U-LaQ Kamen Rider No. 2 and Kamen Rider V3
- Name: Kamen Rider No. 2 and Kamen Rider V3
- Release Date:
- Toy Line:
- Char. Design:
- Toy Design:
- SRP:¥ 2000
Review by SpaceRunaway
[Reviewer’s Note- I no longer have access to my photo tent, which is in a different country, and as such this review took place on the banks of Kyoto’s Kamogawa on a very windy day.]
LaQ is a building system that has carved out a decent corner of the Japanese construction toy market, and looking at Josh’s previous review, it’s working to make some global inroads as well. There are only 7 different pieces: Squares, Triangles and 5 different connectors of varying angles.
U-LaQ is a collaboration(?) between LaQ and Ulala Cube, a company that seems to primarily specialize in licensed character goods such as keychains and stationary. The packaging credits Ulala Cube with marketing and sales, but after going through their website I’m honestly still not quite sure how they come into the picture. At any rate, U-LaQs sets are notable because they’re all licensed tokusatsu properties, currently consisting of Ultraman, Godzilla, and Kamen Rider (As an aside, the LaQ Mazinger was not part of the U-LaQ brand).

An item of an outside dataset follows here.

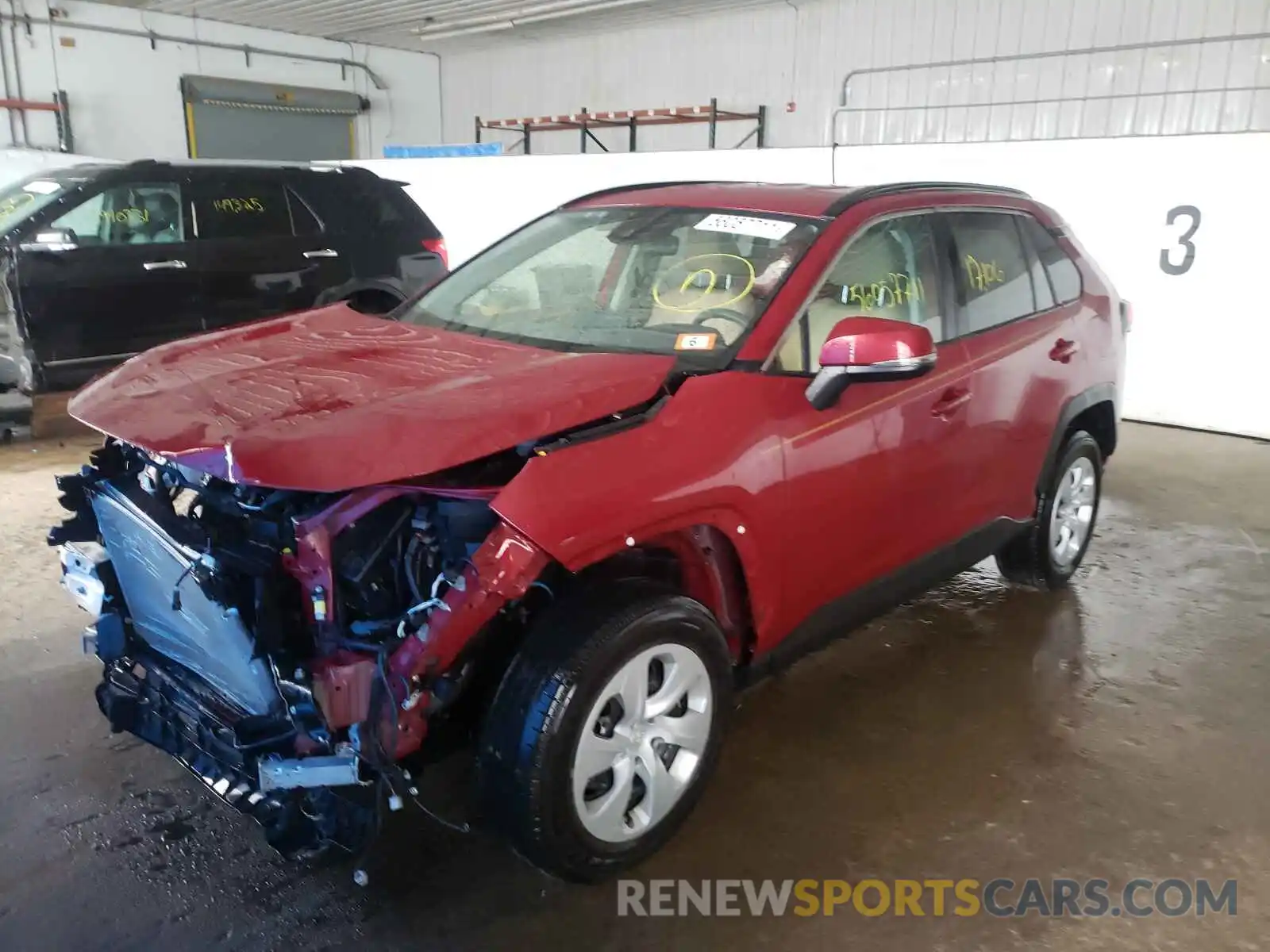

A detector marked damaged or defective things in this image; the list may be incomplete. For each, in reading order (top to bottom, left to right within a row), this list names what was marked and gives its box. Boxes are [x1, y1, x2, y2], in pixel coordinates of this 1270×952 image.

crumpled hood [68, 305, 673, 492]
damaged red suv [49, 182, 1124, 882]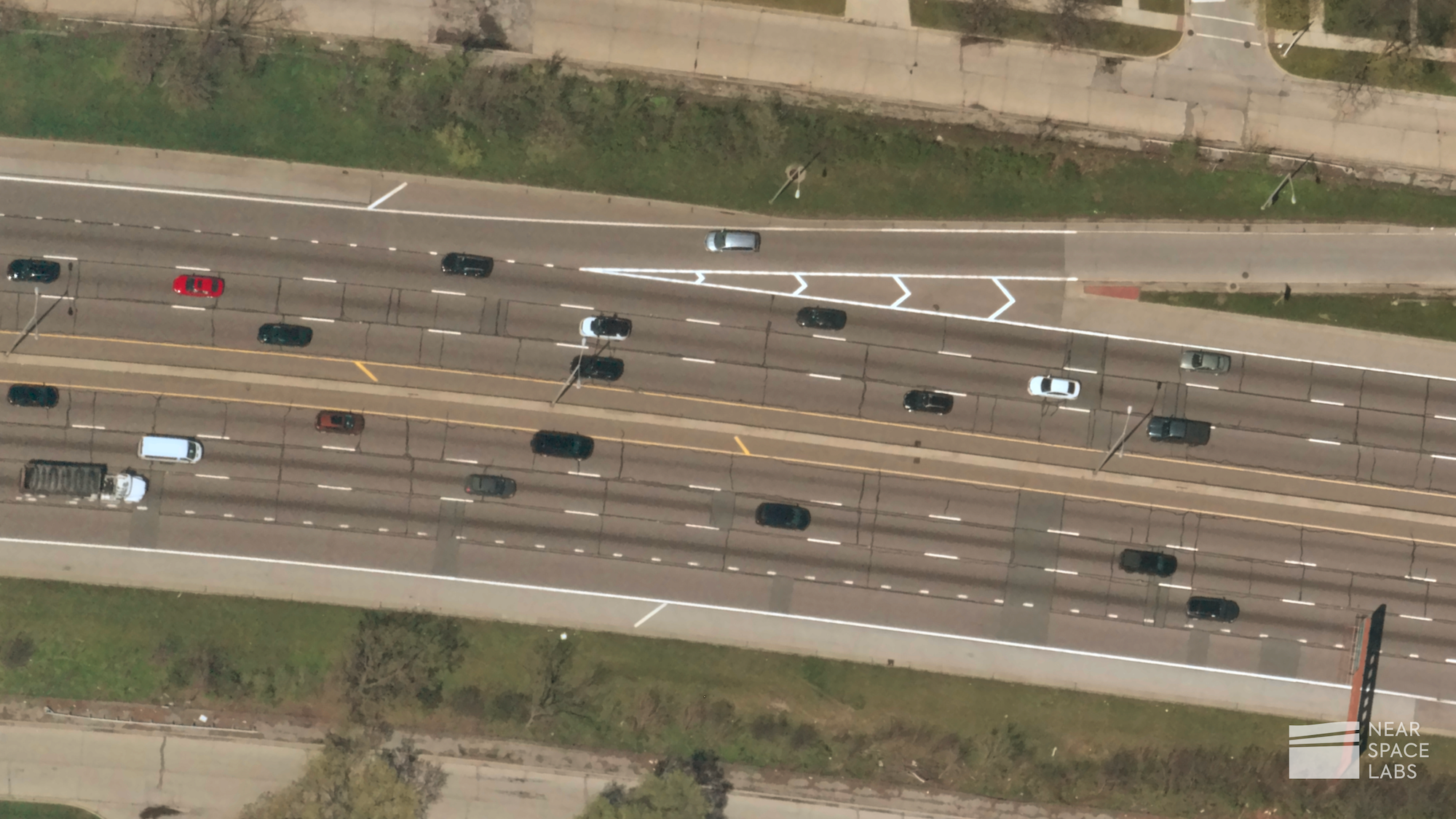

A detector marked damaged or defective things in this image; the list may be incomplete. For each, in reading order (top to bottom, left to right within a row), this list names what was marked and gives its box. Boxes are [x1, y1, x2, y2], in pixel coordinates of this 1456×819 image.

pavement crack repair line [8, 349, 1456, 545]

The set I picked up contains Kamen Rider (New) 2 and V3. Aside from the promise of edutainment the box is really appealing, with pictures of the two Riders alongside their plastic doppelgangers. There isn’t a total piece count written on the box, but it’s 182.

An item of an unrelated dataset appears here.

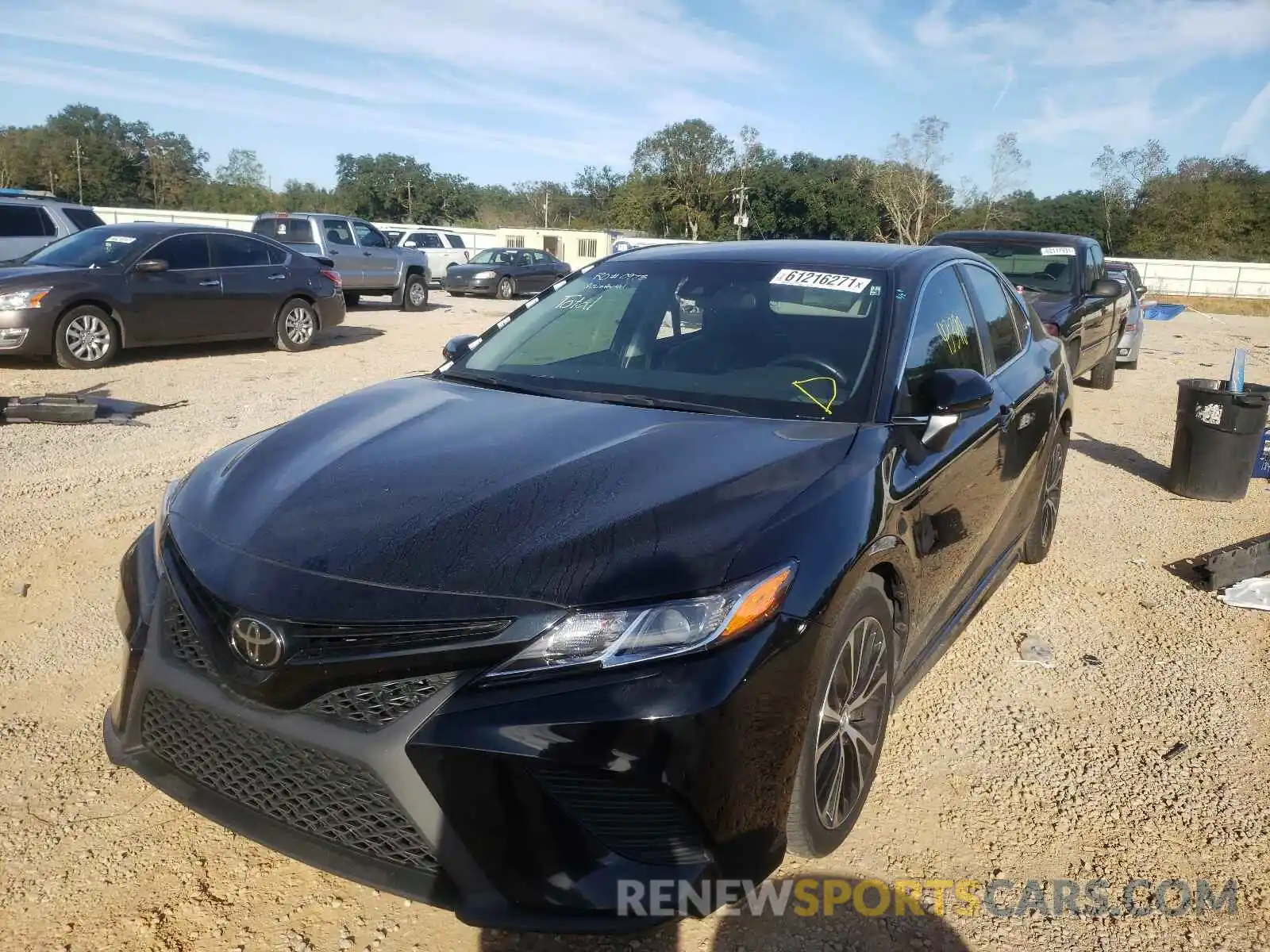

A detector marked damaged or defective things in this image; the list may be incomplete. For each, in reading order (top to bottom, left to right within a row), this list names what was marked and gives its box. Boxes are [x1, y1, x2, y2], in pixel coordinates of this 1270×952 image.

damaged hood [168, 374, 857, 609]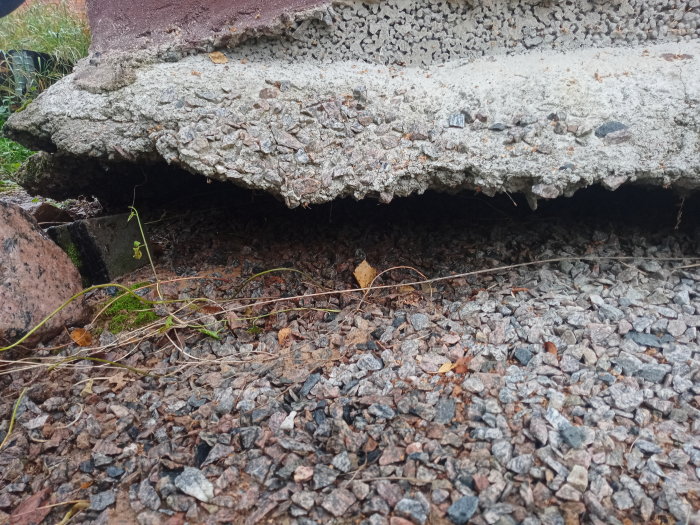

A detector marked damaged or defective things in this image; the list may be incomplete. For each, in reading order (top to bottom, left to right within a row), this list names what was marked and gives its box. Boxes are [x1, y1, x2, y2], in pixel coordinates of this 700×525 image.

cracked concrete surface [2, 0, 696, 208]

Further promised is the ability to build the figures in their Rider Kick poses.
Opening the box, I was first struck by how small the footprint of the baggie was, compared to the products of unnamed, competing block toy companies.
The instructions are fairly straightforward, although at times I had to do some squinting to figure out exactly what I was looking at.
The pieces have a nice snap when you put them together.
1 Bugman head.
[I forgot to take pictures of the finished Rider No. 2 while on location, so here he is creeping around outside my apartment]
V3’s head is the same as No. 2, but in Sbarro colors.
The way his arm merges with his mantle is a little funky, but it works.
A Second Bugman.
Double Riders, but not the Double Riders
Here is a carefully procured object for size comparison just for this review, and totally not just my garbage.
This took me about 40 minutes to get to this point, and I was feeling pretty good for figuring out a toy aimed at ages 5 and up. With the Henshin poses out of the way, I was ready to get on with the kicking. At this point I had very few loose pieces, although from the wording on the box and a cursory glance at the instructions I was under the impression that the Rider Kick poses were mostly a matter of rearranging the limbs. This was not correct.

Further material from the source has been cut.